Tuesday, October 7, 2008

Creating an .EDL, QuickTime and Audio Track

So to recap where we are at this point: Film was shot, telecined to tape and ingested into a 24p project. We confirmed the edgecodes (key numbers) were being tracked properly, we synced up the audio and we edited our film. We prepped for FilmScribe and created a scan list. The film was scanned and sent to the conforming house.

So how does the conforming house, where "onlining" of the DI is to take place, assemble all the scans in the right order? The answer is lies in three items: an .EDL, a QuickTime reference movie and an audio mix.

EDLs have been around for a long time give basic information about your timeline, mainly where the master start / end for a given edit lies and what source start / end and tape name fill the hole.
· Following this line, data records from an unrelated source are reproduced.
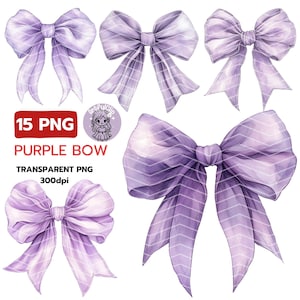 Pode incluir: Uma coleção de cinco laços roxos em estilo aquarela com um padrão listrado. A imagem inclui o texto "15 PNG", "PURPLE BOW", "TRANSPARENT PNG" e "300dpi". Uma pequena imagem de desenho animado também está presente.
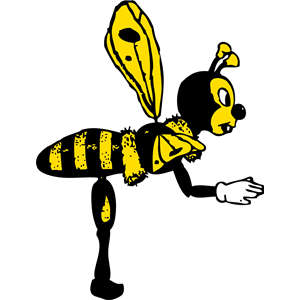 bending bee from side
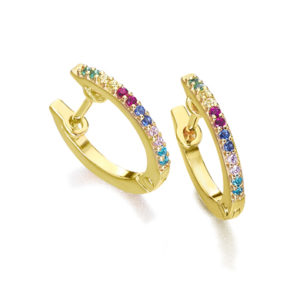 Pendientes Mini Aro Topacios Multicolor GB070OA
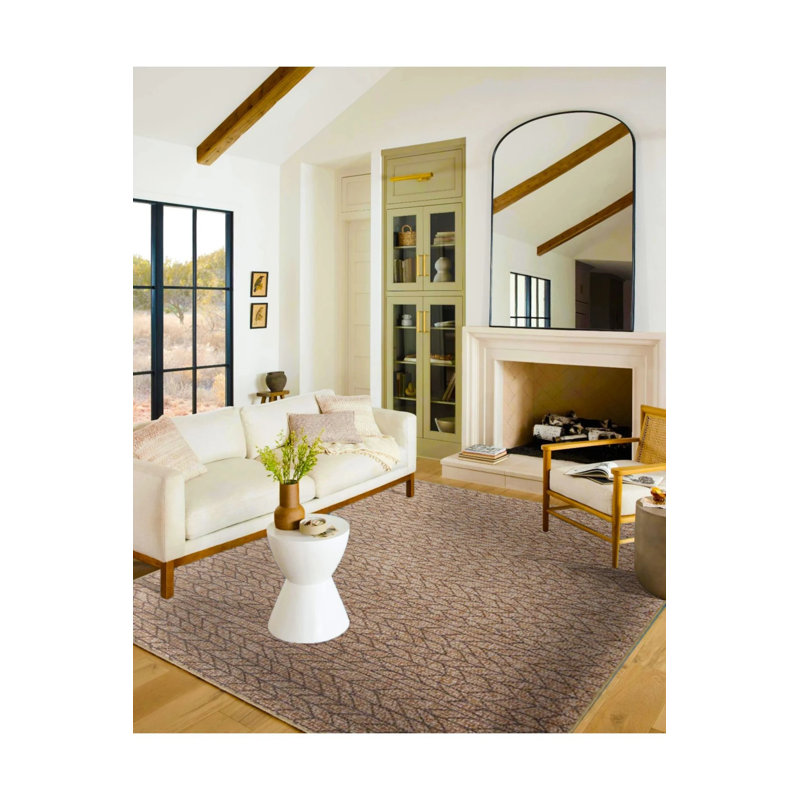 Tapis brun à rayures géométriques Washabla, Rectangle 5 pi x 9 pi 11 po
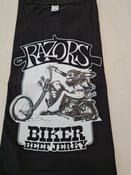 Image of Razors Biker Beef Jerky  B&W T-shirt
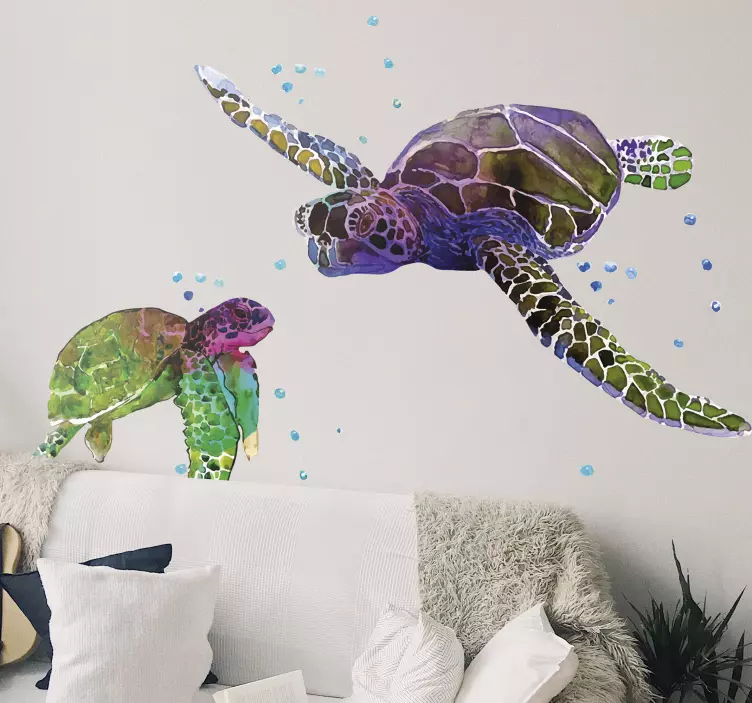 Colorful abstract turtles animal wall sticker - TenStickers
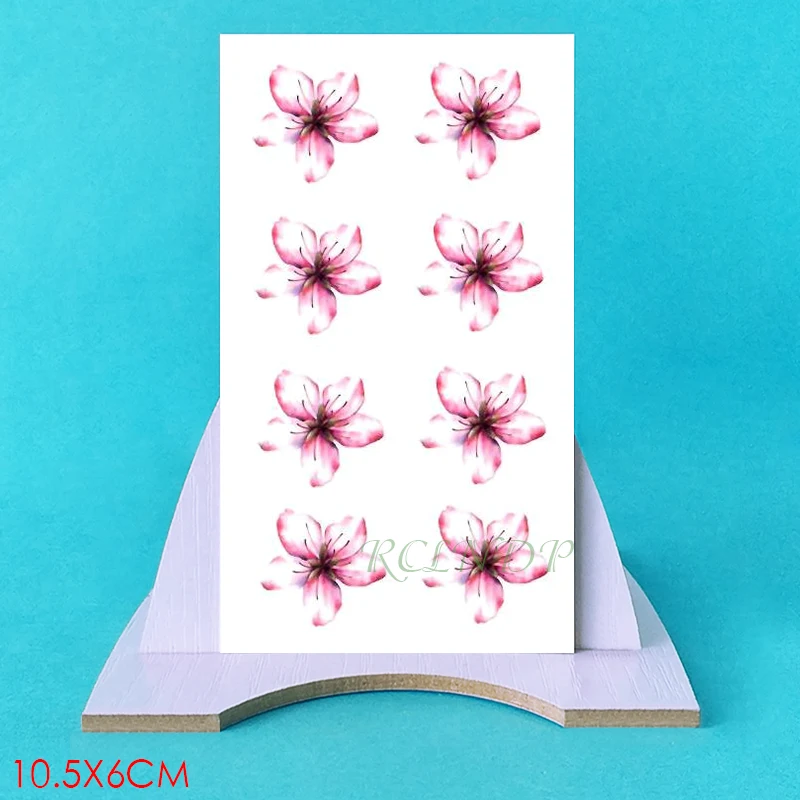 Водонепроницаемая Временная наклейка для тату с розовым цветком вишни маленькие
If you recall, this same information was embedded into scans as metadata. After importing the .EDL into the Quantel it uses an autoconform feature to start looking for scans that fit the correct holes. If the first shot in the timeline runs from 1:00:00:00 - 1:00:12:12 the .EDL will instruct it to look for a source shot with a particular camera roll and source TC start / end. There will only be one shot that fits that hole.

A QuickTime movie will allow the conforming editor to confirm the right shots are occurring at the right times. Be sure to export your QuickTime movie starting at 1:00:00:00 and burn a master timecode window onto the screen, that way there is no room for error. For my project, I created one such "burned" QuickTime that had all the edgecodes visible and a master TC window, but also created a 1.85 matted version that represented what the final film was to look like. Since 65mm film is typically framed at 4:3, they had to move some of the shots up or down to fit in the 1.85 framework.

QuickTime Burnin
Full Size

Audio track: Be sure to also export your soundtrack starting at 59:50:00 and place a 2-pop for one frame at 59:58:00, with audio mix starting at 1:00:00:00. They will line this up using the 2-pop. Be sure to note that the audio is running at 24fps (film speed), I did this by physically naming the file what is was "Audio_mix_59_50_00_24fps.wav."

Ok, get ready for this... the Quantel Runs at 23.98 so they pull the audio down to match the video speed. If they don't slow the audio down everything will be out of sync. Don't worry though, everything will end up 24fps in the end and your lists are all correct, but for whatever reason the Quantel slows everything down to video speed - probably so they can layoff to HDCAM or DBC for screenings. Enough on that.